Signed-off-by: Yu Zhang <yu.c.zhang@linux.intel.com>
---
 arch/x86/include/asm/kvm_host.h |  1 -
 arch/x86/kvm/emulate.c          | 12 ++++++++++--
 arch/x86/kvm/x86.c              |  8 ++++----
 3 files changed, 14 insertions(+), 7 deletions(-)

Comments

Paolo Bonzini Aug. 14, 2017, 7:36 a.m. UTC | #1

On 12/08/2017 15:35, Yu Zhang wrote:
> +			ctxt->ops->get_cpuid(ctxt, &eax, NULL, NULL, NULL);
> +			maxphyaddr = eax * 0xff;

This is "&", not "*".  You can also use rsvd_bits here.

> +			rsvd = (~((1UL << maxphyaddr) - 1)) &
> +				~CR3_PCID_INVD;
> +		}
>  
>  		if (new_val & rsvd)
>  			return emulate_gp(ctxt, 0);
> diff --git a/arch/x86/kvm/x86.c b/arch/x86/kvm/x86.c
> index e40a779..d9100c4 100644
> --- a/arch/x86/kvm/x86.c
> +++ b/arch/x86/kvm/x86.c
> @@ -813,10 +813,10 @@ int kvm_set_cr3(struct kvm_vcpu *vcpu, unsigned long cr3)
>  		return 0;
>  	}
>  
> -	if (is_long_mode(vcpu)) {
> -		if (cr3 & CR3_L_MODE_RESERVED_BITS)
> -			return 1;
> -	} else if (is_pae(vcpu) && is_paging(vcpu) &&
> +	if (is_long_mode(vcpu) &&
> +	    (cr3 & rsvd_bits(cpuid_maxphyaddr(vcpu), 63)))
> +		return 1;

62 is a little better, since 63 is the PCID invalidate bit.

Paolo

> +	else if (is_pae(vcpu) && is_paging(vcpu) &&
>  		   !load_pdptrs(vcpu, vcpu->arch.walk_mmu, cr3))
>  		return 1;
>

Yu Zhang Aug. 14, 2017, 11:39 a.m. UTC | #2

On 8/14/2017 3:36 PM, Paolo Bonzini wrote:
> On 12/08/2017 15:35, Yu Zhang wrote:
>> +			ctxt->ops->get_cpuid(ctxt, &eax, NULL, NULL, NULL);
>> +			maxphyaddr = eax * 0xff;
> This is "&", not "*".  You can also use rsvd_bits here.

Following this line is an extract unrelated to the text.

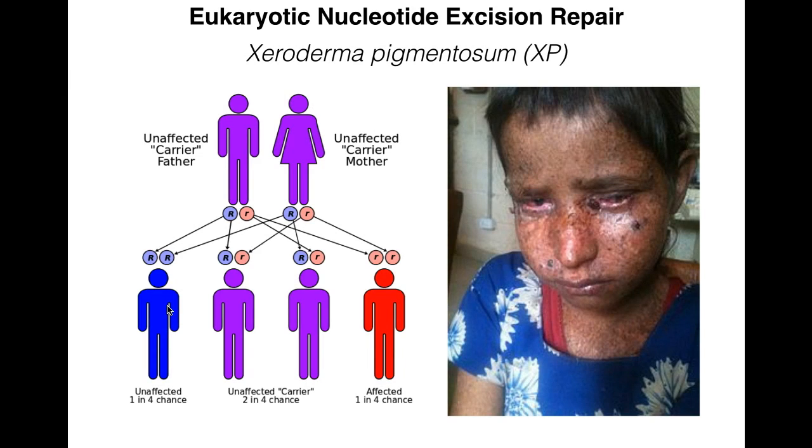Much of what we know about eukaryotic nucleotide excision repair comes from studying the disease Xeroderma pigmentosum, a recessive disorder where NER is not working. Heterozygotes can pass on two copies of the recessive gene, giving a 1-in-4 chance of an affected child. Affected individuals have a 1,000-fold greater likelihood of developing skin cancer, especially in sun-exposed areas, are extremely sensitive to sunlight, and have a median age of skin cancer onset of about 8 years without appropriate precautions. This is because UV damage causes cyclobutane pyrimidine dimers and 6,4-photoproducts that aren't being repaired, and the mutations are passed to future cell lines.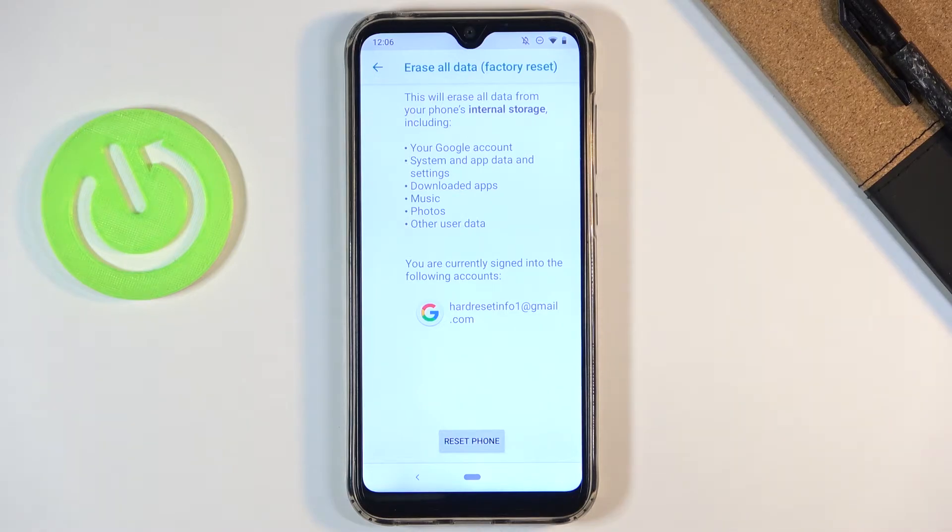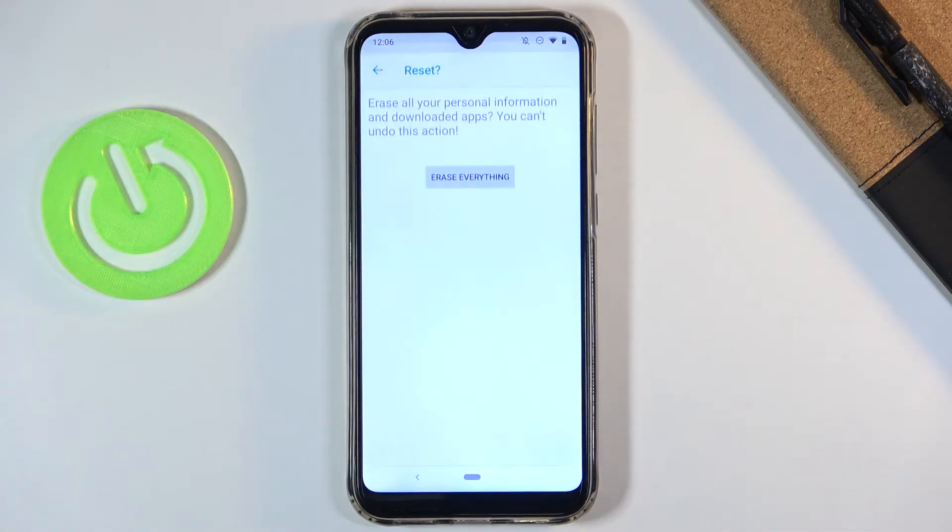So anyway, if there's anything on this device that you would like to keep — maybe music or photos — you will need to back it up beforehand, otherwise you will lose it permanently. But assuming you have already done that, or you simply don't want to, all you need to do is tap Reset Phone, Erase Everything, and the process will begin.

Oops. Sorry for the typo. :-)

>> +			rsvd = (~((1UL << maxphyaddr) - 1)) &
>> +				~CR3_PCID_INVD;
>> +		}
>>   
>>   		if (new_val & rsvd)
>>   			return emulate_gp(ctxt, 0);
>> diff --git a/arch/x86/kvm/x86.c b/arch/x86/kvm/x86.c
>> index e40a779..d9100c4 100644
>> --- a/arch/x86/kvm/x86.c
>> +++ b/arch/x86/kvm/x86.c
>> @@ -813,10 +813,10 @@ int kvm_set_cr3(struct kvm_vcpu *vcpu, unsigned long cr3)
>>   		return 0;
>>   	}
>>   
>> -	if (is_long_mode(vcpu)) {
>> -		if (cr3 & CR3_L_MODE_RESERVED_BITS)
>> -			return 1;
>> -	} else if (is_pae(vcpu) && is_paging(vcpu) &&
>> +	if (is_long_mode(vcpu) &&
>> +	    (cr3 & rsvd_bits(cpuid_maxphyaddr(vcpu), 63)))
>> +		return 1;
> 62 is a little better, since 63 is the PCID invalidate bit.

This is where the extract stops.